That’s the claim of Treasury Secretary Janet Yellen, as described in Sunday’s Wall Street Journal editorial. The editors are correct as far as they go, but I do have a quibble and a more serious disagreement with some of the things they said.
First my quibble:
Yet here we are with major banks failing, and the government having to bail out uninsured depositors and offer lifelines to protect bank assets that are underwater.
No, the government most certainly did not have to “bail out” uninsured depositors or offer lifelines to other banks. The Biden administration, through Yellen, chose to do those things. By doing so, though, they set the ugly precedent of bailing out everyone else in all other banks without regard to whether those depositors are FDIC insured and without regard to the risks other banks may or may not be running, the Biden-Yellen blather to the contrary not withstanding. By doing so, Biden and Yellen have indemnified uninsured depositors and careless bankers from risk, laying that risk off onto us taxpayers instead.

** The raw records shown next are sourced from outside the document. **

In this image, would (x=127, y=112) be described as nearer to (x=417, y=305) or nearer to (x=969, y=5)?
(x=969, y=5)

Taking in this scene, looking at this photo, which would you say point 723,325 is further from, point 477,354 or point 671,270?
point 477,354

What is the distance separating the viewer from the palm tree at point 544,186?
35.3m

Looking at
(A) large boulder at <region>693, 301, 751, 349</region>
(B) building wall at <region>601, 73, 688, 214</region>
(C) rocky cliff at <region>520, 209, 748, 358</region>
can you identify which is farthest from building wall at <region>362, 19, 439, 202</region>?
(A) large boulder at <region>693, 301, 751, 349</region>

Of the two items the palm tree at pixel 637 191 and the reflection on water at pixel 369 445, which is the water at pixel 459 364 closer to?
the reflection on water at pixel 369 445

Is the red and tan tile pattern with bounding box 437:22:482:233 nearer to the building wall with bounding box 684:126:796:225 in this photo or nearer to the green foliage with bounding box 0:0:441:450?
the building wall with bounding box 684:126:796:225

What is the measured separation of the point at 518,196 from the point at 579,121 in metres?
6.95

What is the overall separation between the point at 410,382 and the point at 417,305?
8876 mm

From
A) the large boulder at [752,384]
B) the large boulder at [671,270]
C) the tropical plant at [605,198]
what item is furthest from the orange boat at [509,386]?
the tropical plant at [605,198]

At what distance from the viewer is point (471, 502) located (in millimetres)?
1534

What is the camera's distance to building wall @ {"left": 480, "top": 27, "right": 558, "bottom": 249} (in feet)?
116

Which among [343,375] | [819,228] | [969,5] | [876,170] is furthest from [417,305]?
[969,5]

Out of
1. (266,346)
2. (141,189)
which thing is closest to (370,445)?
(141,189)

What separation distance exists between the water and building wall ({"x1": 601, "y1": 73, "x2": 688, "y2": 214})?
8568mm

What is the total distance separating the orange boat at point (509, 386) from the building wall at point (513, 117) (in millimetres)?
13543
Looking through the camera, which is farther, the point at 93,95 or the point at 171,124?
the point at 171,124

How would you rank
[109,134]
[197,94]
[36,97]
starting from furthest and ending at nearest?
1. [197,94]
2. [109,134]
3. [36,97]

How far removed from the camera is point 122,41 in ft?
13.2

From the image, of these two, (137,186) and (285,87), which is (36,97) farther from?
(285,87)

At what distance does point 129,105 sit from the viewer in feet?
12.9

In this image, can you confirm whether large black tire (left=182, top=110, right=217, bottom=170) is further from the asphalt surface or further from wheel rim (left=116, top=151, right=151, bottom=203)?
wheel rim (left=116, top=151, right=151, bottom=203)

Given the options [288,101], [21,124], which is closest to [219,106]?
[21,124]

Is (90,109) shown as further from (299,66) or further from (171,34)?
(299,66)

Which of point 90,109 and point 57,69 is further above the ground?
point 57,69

My more serious disagreement:
The main culprit [regarding Silicon Valley Bank and the deposit runs at midsize banks] was duration risk from the failure to properly hedge against rising interest rates…. …. There’s no excuse for the examiners at the San Francisco Federal Reserve not to have acted on the problem as the West coast bank regulator.

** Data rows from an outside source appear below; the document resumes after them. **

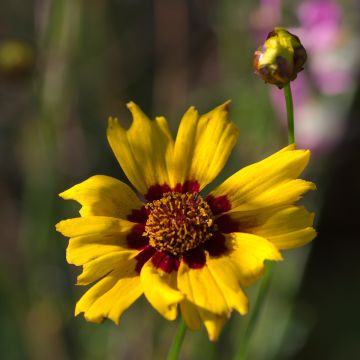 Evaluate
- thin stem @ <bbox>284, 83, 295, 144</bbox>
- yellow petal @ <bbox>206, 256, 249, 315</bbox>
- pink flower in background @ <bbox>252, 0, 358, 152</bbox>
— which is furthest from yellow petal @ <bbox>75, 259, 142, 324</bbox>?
pink flower in background @ <bbox>252, 0, 358, 152</bbox>

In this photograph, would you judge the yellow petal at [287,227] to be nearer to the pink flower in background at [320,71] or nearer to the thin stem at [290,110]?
the thin stem at [290,110]

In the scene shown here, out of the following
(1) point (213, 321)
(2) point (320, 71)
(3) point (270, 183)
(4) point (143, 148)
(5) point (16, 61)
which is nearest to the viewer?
(1) point (213, 321)

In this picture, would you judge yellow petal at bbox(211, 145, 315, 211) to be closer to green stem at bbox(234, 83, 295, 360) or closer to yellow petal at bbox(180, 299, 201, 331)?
green stem at bbox(234, 83, 295, 360)

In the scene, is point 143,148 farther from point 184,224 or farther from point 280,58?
point 280,58

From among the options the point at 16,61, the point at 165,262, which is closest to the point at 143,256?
the point at 165,262

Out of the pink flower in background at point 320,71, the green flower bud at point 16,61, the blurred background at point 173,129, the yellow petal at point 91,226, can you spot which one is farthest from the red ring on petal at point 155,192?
the pink flower in background at point 320,71

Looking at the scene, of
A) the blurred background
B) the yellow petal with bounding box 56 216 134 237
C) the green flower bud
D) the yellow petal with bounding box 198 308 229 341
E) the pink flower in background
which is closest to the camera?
the yellow petal with bounding box 198 308 229 341

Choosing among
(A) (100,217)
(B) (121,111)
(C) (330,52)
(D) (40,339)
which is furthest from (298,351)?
(A) (100,217) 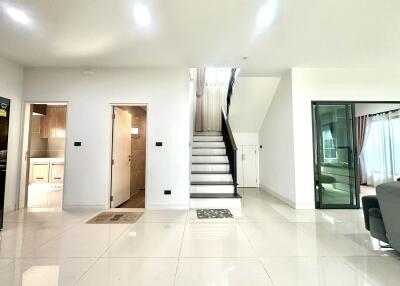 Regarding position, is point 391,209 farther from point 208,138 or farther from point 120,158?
point 208,138

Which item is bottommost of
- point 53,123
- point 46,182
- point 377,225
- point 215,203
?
point 215,203

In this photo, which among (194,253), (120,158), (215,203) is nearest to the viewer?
(194,253)

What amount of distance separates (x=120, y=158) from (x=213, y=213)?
7.92 ft

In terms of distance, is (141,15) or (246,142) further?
(246,142)

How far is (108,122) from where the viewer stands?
431 cm

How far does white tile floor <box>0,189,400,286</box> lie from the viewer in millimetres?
1837

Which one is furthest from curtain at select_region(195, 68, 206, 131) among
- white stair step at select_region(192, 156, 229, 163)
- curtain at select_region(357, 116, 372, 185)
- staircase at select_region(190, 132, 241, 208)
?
curtain at select_region(357, 116, 372, 185)

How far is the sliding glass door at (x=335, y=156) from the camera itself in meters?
4.27

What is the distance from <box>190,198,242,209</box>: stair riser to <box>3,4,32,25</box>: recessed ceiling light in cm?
379

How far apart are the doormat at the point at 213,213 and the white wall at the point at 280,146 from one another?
4.85ft

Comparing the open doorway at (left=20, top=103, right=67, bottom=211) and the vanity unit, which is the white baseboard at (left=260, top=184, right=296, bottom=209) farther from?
the vanity unit

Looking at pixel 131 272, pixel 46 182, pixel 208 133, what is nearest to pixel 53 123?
pixel 46 182

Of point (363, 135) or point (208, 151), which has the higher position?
point (363, 135)

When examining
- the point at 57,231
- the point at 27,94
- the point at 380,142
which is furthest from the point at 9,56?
the point at 380,142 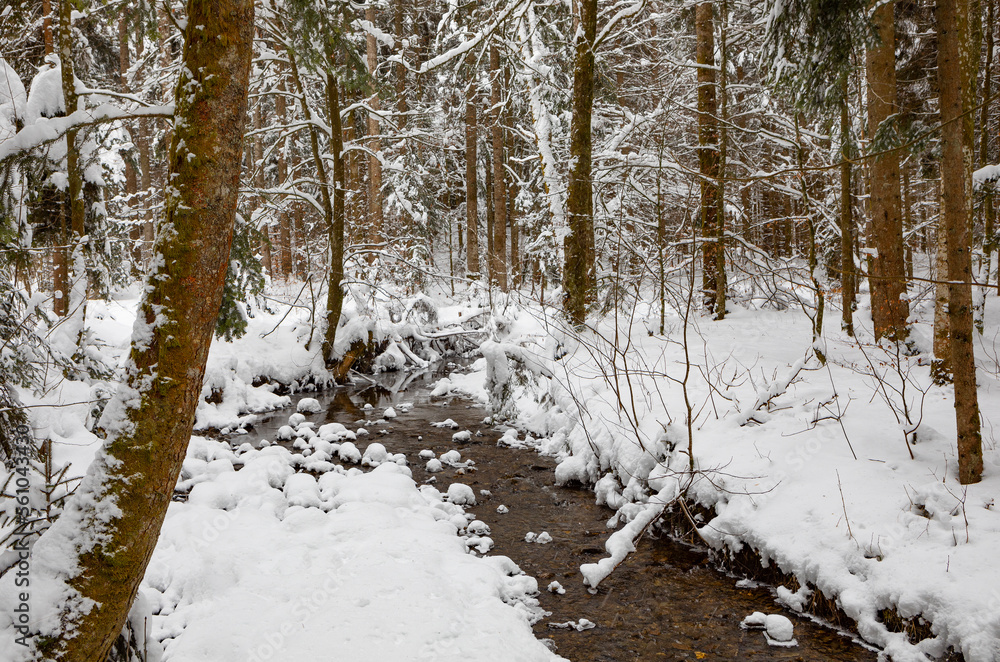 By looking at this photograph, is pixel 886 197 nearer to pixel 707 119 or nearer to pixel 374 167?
pixel 707 119

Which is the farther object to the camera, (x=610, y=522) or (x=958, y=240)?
(x=610, y=522)

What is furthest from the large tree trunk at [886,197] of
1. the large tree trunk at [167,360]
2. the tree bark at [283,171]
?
the tree bark at [283,171]

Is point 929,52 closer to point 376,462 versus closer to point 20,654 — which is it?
point 376,462

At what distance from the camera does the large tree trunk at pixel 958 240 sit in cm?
390

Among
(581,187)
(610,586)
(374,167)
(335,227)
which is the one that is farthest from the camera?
(374,167)

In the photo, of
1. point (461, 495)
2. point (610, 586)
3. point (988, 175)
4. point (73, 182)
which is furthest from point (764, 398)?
point (73, 182)

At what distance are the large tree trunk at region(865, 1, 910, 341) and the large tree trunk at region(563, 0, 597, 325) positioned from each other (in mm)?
3867

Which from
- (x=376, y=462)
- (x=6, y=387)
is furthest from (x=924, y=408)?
(x=6, y=387)

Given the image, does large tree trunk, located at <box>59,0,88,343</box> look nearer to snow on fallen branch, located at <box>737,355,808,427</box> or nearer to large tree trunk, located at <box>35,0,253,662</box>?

Again, no. There’s certainly room to decry the failure of the SF Fed regulators to regulate, and those worthies should be terminated for cause over their negligence.

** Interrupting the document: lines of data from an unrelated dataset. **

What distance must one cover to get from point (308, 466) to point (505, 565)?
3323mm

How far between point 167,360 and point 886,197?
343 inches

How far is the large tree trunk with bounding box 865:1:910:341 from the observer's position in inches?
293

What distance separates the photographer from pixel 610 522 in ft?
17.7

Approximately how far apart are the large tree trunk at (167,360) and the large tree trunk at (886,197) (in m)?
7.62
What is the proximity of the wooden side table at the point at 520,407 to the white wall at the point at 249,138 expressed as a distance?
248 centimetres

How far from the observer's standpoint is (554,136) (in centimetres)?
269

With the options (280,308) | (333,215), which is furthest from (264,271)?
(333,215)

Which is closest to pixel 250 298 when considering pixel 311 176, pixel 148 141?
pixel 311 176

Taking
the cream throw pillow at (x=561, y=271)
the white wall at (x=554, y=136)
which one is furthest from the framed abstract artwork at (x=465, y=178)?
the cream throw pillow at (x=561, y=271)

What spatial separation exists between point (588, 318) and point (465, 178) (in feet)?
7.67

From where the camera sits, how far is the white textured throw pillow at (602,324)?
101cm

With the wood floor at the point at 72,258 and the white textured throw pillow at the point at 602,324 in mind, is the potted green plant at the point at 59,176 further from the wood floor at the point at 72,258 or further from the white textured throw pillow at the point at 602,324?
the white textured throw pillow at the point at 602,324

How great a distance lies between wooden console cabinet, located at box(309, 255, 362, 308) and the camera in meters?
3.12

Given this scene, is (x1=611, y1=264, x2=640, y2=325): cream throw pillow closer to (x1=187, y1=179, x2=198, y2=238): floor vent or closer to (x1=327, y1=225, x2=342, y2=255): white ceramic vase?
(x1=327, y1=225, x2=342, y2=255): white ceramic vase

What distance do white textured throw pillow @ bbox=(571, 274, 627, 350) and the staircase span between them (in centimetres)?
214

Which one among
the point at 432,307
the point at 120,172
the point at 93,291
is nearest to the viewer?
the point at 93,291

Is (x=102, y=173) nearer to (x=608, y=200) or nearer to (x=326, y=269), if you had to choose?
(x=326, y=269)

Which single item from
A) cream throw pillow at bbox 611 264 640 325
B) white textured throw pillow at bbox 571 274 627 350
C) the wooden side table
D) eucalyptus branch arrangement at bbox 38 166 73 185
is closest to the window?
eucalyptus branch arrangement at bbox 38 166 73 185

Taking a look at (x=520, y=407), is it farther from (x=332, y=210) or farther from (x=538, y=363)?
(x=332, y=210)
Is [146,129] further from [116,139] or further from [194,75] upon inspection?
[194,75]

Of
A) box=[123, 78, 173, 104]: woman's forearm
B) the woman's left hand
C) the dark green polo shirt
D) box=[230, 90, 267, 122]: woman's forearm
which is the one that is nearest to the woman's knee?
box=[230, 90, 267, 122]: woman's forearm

However, the first, proximate, and last responsibility for SVB’s failure and those other banks’ problems lies with the managers of those institutions. Interest rate risk, which underlies duration risk, is the risk taken when buying a debt instrument: when market interest rates rise, the debt instrument’s market price falls, and that reduces the value of the debt instruments already bought—for instance, the long Treasury bonds SVB’s managers had bought in satisfaction of its reserve requirements. Any first year economics student learns that, if he hadn’t already learned it in high school.
Duration risk, which matches long term debt assets with short term debt obligations (or not…) is something that same first-year economics student learns later in that same semester. And it’s something about which any first-year Finance student learns early in the first semester.
It was those managers’ decision to ignore those risks, or their careless laziness in not bothering to deal with those risks, or some combination of the two, that lay at the heart of the failure of the one and the problems of the others. The San Francisco Fed’s failure to act was only a (actually quite minor, given where the primary responsibility, and initiative, lies) contributing factor.